- Born: 1965 (age 60–61) South Africa
- Occupation: British-based reform activist
- Known for: Founder of Friends of Maldives (FOM); Honorary Consul for the Maldives in Salisbury (UK);

= David Hardingham =

British activist

David Hardingham (born 1965) is a British-based reform activist, aid organiser, entrepreneur and the former Honorary Consul of the Maldives (Nasheed Administration) in Salisbury (UK).

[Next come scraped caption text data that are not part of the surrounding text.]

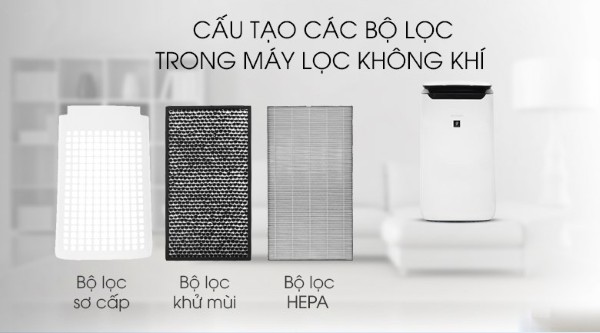 Máy lọc không khí sử dụng phổ biến nhất là bộ lọc HEPA và bộ lọc than hoạt tính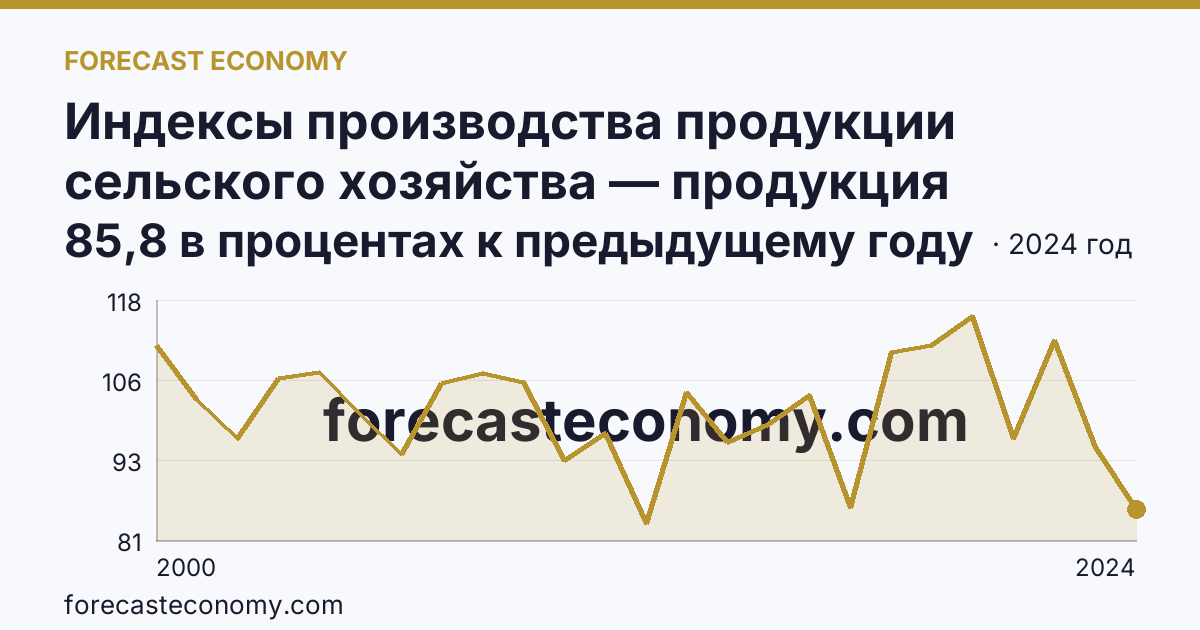 Индексы производства продукции сельского хозяйства — продукция растениеводства — Красноярский край: график динамики 2000–2024, последнее значение 85,8 в процентах к предыдущему году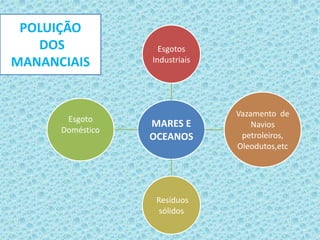 MARES E
OCEANOS
Esgotos
Industriais
Vazamento de
Navios
petroleiros,
Oleodutos,etc
Resíduos
sólidos
Esgoto
Doméstico
POLUIÇÃO
DOS
MANANCIAIS
 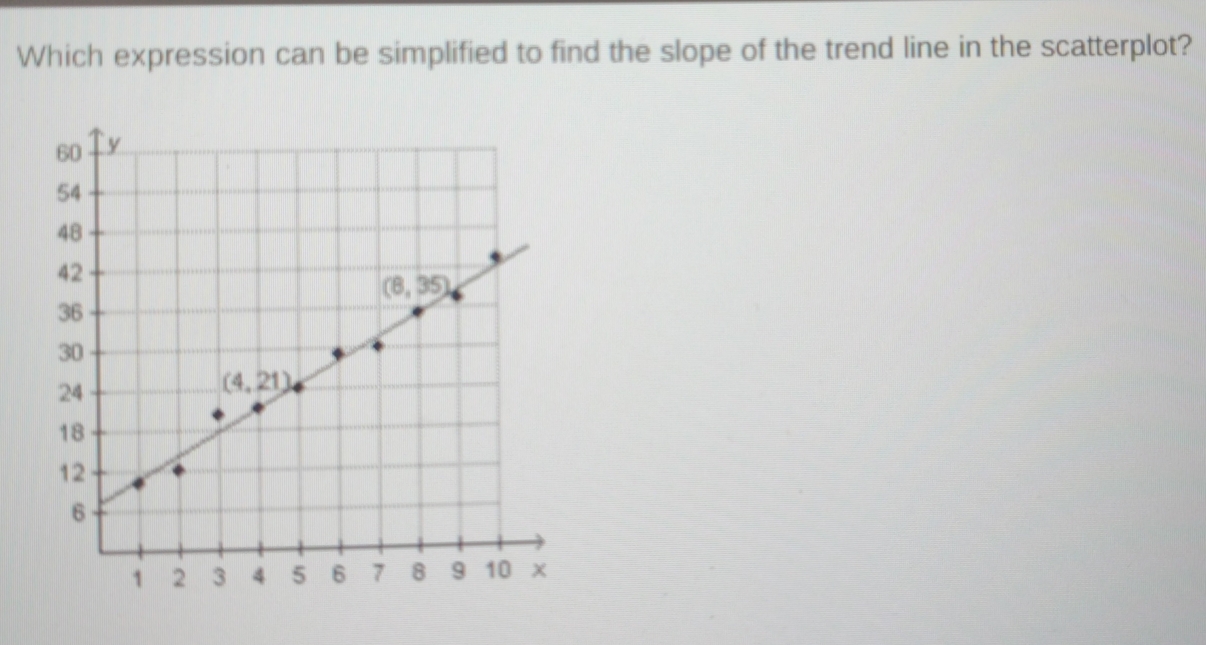 Which expression can be simplified to find the slope of the trend line in the scatterplot?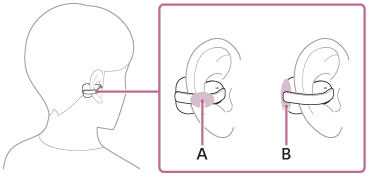 Abbildung zur Position von A und B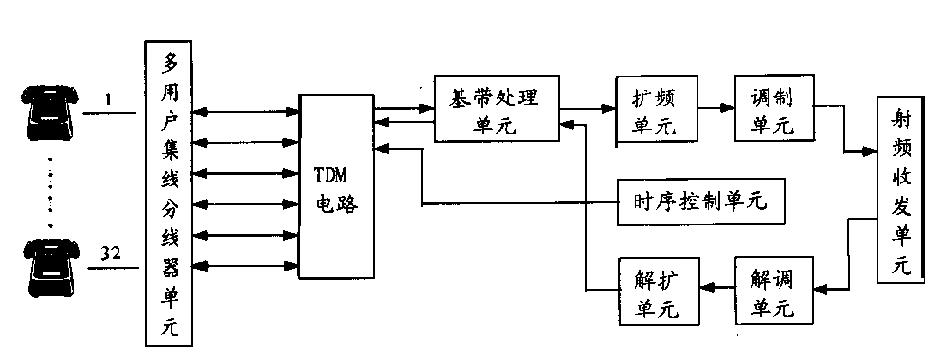 圣邦股份获得发明专利授权:“端口复用电路及电子设备”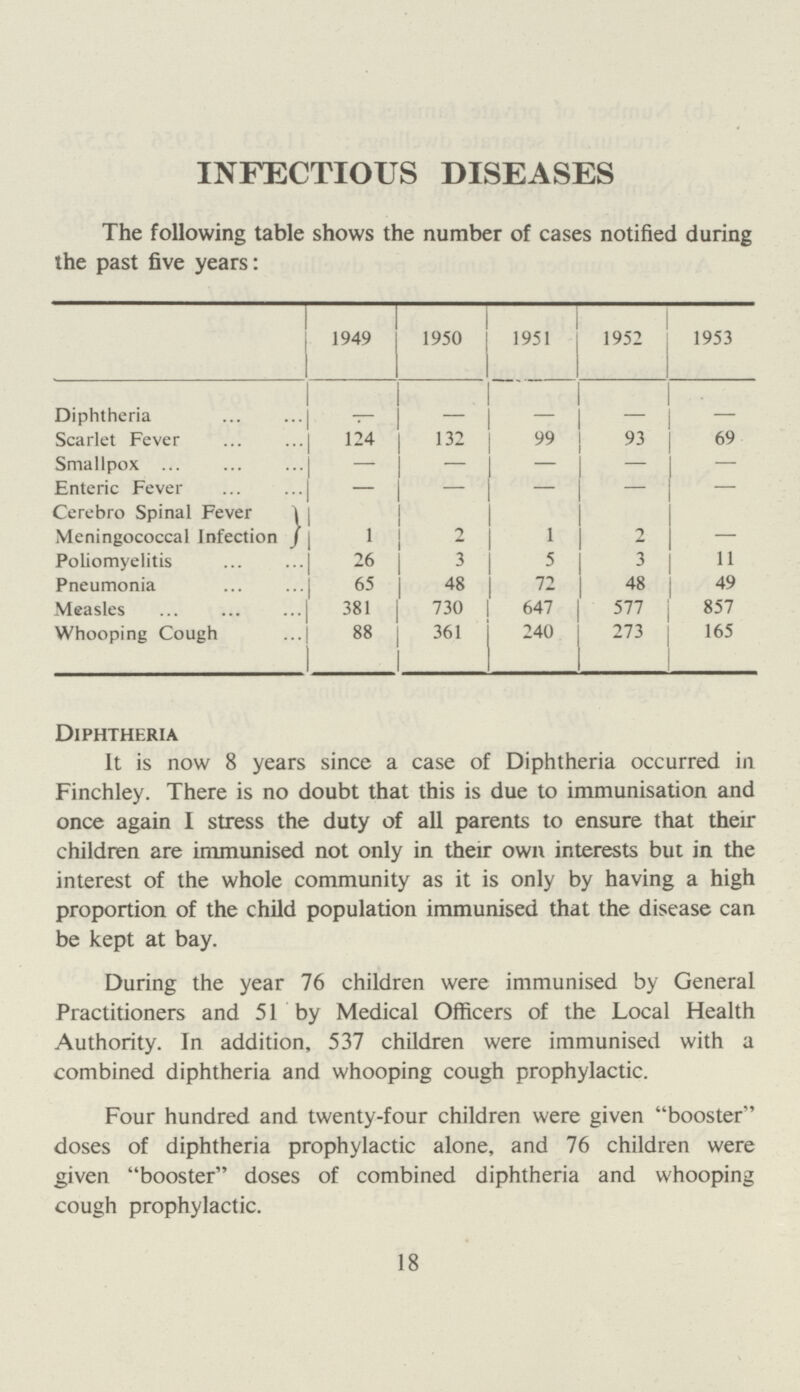 INFECTIOUS DISEASES The following table shows the number of cases notified during the past five years: 1949 1950 1951 1952 1953 Diphtheria - - - - - Scarlet Fever 124 132 99 93 69 Smallpox — — — — — Enteric Fever — — — — - Cerebro Spinal Fever 1 2 1 2 - Meningococcal Infection Poliomyelitis 26 3 5 3 11 Pneumonia 65 48 72 48 49 Measles 381 730 647 577 857 Whooping Cough 88 361 240 273 165 Diphtheria It is now 8 years since a case of Diphtheria occurred in Finchley. There is no doubt that this is due to immunisation and once again I stress the duty of all parents to ensure that their children are immunised not only in their own interests but in the interest of the whole community as it is only by having a high proportion of the child population immunised that the disease can be kept at bay. During the year 76 children were immunised by General Practitioners and 51 by Medical Officers of the Local Health Authority. In addition, 537 children were immunised with a combined diphtheria and whooping cough prophylactic. Four hundred and twenty-four children were given booster doses of diphtheria prophylactic alone, and 76 children were given booster doses of combined diphtheria and whooping cough prophylactic. 18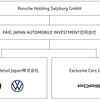 アウディとフォルクスワーゲンが国内法人を統合し新会社設立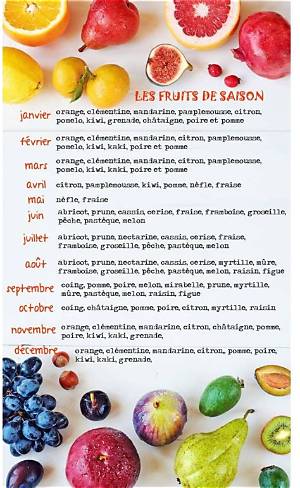 Quand Consommer Les Fruits?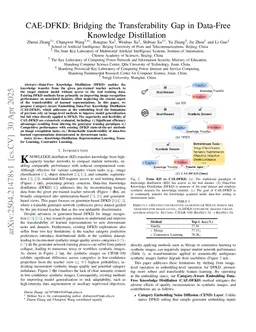 CAE-DFKD: Bridging the Transferability Gap in Data-Free Knowledge Distillation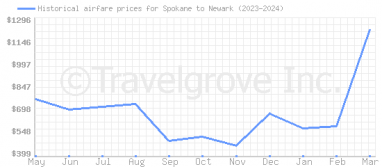 Price overview for flights from Spokane to Newark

He is also co-founder and director of the London based human rights organisation chinawatch.co.uk (CW) where they monitor the rule of law and human rights in China. In January 2024 Hardingham addressed a meeting organised by The Overseas Chinese Democracy Coalition titled The European Preparatory Meeting for the National Affairs Conference, on behalf of China Watch, held at the Royal National Hotel in London.

==Early years==
Hardingham was born in South Africa, where his early studies were in Hilton College. The family later moved to the UK in 1982, where Hardingham continued his education at Dauntsey's School, an independent co-educational boarding school in Wiltshire, UK.

==Career==
He was founder of the human rights activist organisation Friends of Maldives (FOM). He was also the co-founder of the clandestine opposition radio station Minivan Radio and trustee of the UK registered charity Maldives Aid. He was appointed the Honorary Consul for the Maldives in Salisbury (UK) on 2 July 2009.

Hardingham was closely involved with the movement for political reform in the Maldives as a result of his friendship with then opposition activist Mohamed Nasheed (Anni), and former President of the Maldives, whom he met while both of them were at Dauntsey's School.

He was an outspoken critic of former President Maumoon Abdul Gayoom's human rights record during his thirty-year presidency, a record he maintains is confirmed by the many examples of torture undergone by Mohamed Nasheed and many others he had met during the time many opposition activists stayed at Salisbury.

Owing to his criticism of the former regime, Hardingham was officially barred from entering the Maldives between 2005 and 2008. During this time, he was accused by the then-government of being both a Christian fundamentalist trying to convert Maldivians and an Islamic extremist involved in a plot to smuggle weapons into the Maldives. Further accusations were made that he and Mohamed Nasheed were conspiring to build a replica of Salisbury Cathedral in the Maldives. Hardingham has visited the Maldives several times since the change of government, but he has, to date, not been officially informed of his status. Neither has he received any further information regarding the allegations.

Along with Sarah Mahir and other FOM associates Hardingham confronted Gayoom in the Palais des Nations in Geneva on 16 May 2005. Hardingham asked him why he had been blacklisted from the Maldives and about human rights abuses in the Maldives. There was no response from Gayoom.

Following the FOM Selected Resorts Boycott campaign Hardingham was accused of trying to bring about a collapse of the Maldives tourism industry, a charge he strongly denies as he has always argued that the idea of the selected boycott was to apply the restrictions only to those resorts associated closely with the regime while strongly encouraging visits to other resorts and to the Maldives.

Hardingham and Sarah Mahir of FOM met regularly with the UK Conservative Party Human Rights Commission and engaged their help to closely monitor the political and human rights situation in the Maldives. Members of the Commission tabled several Parliamentary Questions and Early Day Motions regarding human rights abuses in the Maldives.

He was UK crossing coordinator and liaison during Guin Batten's successful rowing crossing of the Zero Degree Channel on 30 March 2010 (between Huvadhoo Atoll and Foammulah Island), a distance of approximately 60 km.

The Consulate in Salisbury was officially inaugurated at an opening ceremony on 9 July 2010, attended by the Maldives High Commissioner Dr Farah Faizal and local MP for Salisbury John Glen.

Hardingham has promoted guesthouse tourism in the Maldives saying that, at a time of growing competition from other luxury destinations, the growth of guesthouse tourism in the Maldives would bring more direct economic benefit to the islanders.

In 2010 Hardingham and FOM colleagues were involved in bringing skilled volunteers, teachers and medics, to the Maldives from the UK.

Hardingham resigned from his post as Honorary Consul to the Maldives during the coup that led to the overthrow of President Nasheed.